Darik Radio

Bulgaria;
- Frequencies: FM: 105.0 MHz MHz (Sofia); DAB;

Programming
- Format: News and talk

Ownership
- Owner: Radosvet Krumov Radev

History
- First air date: 21 January 1993

Links
- Website: Official website

= Darik Radio =

Darik Radio is a Bulgarian radio station, specializing in news and comments from Bulgaria. It was launched at 12 am on 21 January 1993. Darik Radio is the biggest private radio station in Bulgaria. It has an extensive network of correspondents in nearly 20 countries in Europe and North America. A recent poll showed that Darik Radio is the preferred station among city-dwellers and middle-class people.

== History ==
Initially Darik Radio was broadcast from the capital Sofia and was heard only by a small fraction of the population. It quickly gained popularity due to its focus on news. In 1994 the radio started a scheme to become the first private radio station in Bulgaria. In the years that followed, Darik Radio opened numerous offices in other cities and covered the nation with its transmitters. The story of Darik Radio is one of success. After bitter legal fights with other competing radio stations Darik Radio achieved its ultimate goal - it was licensed as the first private national radio in Bulgaria and it stays so to this day.
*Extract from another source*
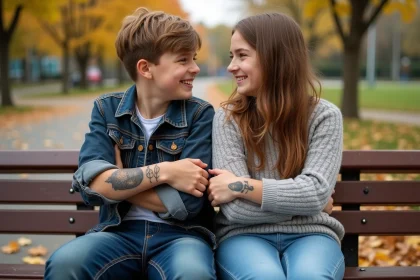 Adolescents jumeaux avec tatouages sur le bras dans un parc en automne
The project cost nearly $1,000,000. The radio is available online and via Intelsat satellite.

== Popular shows ==
The radio has news bulletins every half-hour.

- "The week" - sums up major event in the country every Saturday evening
- "Gong" - sports coverage
- "Wallet" - news from the world of business
- "Darik cafė" - every morning, reading newspapers, different live interviews, comments, weather forecast.